We see that there are different fields, separated by commas, and that the gender information for participants A and B are in the 7th and 12th fields, respectively (ASX.DL and BSX.DL). This format is standardly referred to as "csv" (comma-separated values). The first field contains the conversation ID. The names of the transcript files contain the conversation ID too: the last digits before the ".txt" extension.

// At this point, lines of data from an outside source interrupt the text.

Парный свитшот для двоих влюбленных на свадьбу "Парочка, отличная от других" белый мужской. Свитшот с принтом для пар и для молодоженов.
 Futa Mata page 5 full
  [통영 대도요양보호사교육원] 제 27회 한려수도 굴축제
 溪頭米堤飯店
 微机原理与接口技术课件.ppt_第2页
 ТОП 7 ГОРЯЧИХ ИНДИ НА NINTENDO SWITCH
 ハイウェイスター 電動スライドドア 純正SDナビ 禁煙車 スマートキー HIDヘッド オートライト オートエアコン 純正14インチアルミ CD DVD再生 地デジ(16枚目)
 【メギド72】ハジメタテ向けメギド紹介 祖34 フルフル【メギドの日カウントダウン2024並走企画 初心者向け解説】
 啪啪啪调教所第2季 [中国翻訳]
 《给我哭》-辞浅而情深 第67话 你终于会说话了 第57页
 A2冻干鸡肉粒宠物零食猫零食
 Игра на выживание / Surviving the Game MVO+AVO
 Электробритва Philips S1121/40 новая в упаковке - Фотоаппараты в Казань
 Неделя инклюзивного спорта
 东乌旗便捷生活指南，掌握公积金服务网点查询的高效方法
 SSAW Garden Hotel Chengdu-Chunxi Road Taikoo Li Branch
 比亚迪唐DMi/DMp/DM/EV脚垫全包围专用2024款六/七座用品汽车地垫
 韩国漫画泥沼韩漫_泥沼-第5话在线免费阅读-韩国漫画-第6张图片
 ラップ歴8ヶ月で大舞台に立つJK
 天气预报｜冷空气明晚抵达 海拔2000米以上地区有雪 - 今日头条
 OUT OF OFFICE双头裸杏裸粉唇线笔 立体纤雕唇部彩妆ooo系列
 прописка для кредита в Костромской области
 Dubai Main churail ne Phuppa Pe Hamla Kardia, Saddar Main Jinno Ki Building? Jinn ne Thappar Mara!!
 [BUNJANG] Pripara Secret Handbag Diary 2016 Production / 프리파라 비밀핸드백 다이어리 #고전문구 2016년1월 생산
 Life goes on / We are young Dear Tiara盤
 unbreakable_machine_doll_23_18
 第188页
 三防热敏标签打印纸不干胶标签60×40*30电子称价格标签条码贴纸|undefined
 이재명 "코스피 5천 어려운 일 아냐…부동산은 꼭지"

With that information, write a python script that outputs:

  • the raw total number of words spoken by women
  • the raw total number of words spoken by men
  • the total number of utterances spoken by women
  • the total number of utterance spoken by men
  • the average number of words per utterance spoken by women and by men
  • the number of female speakers
  • the number of male speakers
  1. Your script should now read the data in the "OriginalFisher" directory which you can download from Carmen. Note that for space and time reasons, I only included 10 of the original 60 data folders. But your script should work on any number of folders!
  2. The user should be able to specify the Fisher directory path at the command line (e.g., python3 processOriginalFisher.py OriginalFisher). The script should run wherever it is on the computer, provided that the user gives a correct path to the directory. This time I don't want to have to go into your script to modify that part!
  3. At the top of your script, explain in English, in a few commented sentences, how you are going to solve the problem. What kind of data structure do you need to use? What will it contain?
  4. Also, now that you have more data, is your answer to the question "do women talk more than men" different from your previous one? Explain why. Write this at the bottom of your script, commented.

You will submit your code on Carmen in the HW2 submissions folder. Make sure your code runs. Make sure to appropriately comment your code! Find the right balance in your comments: too few or too many isn't helpful.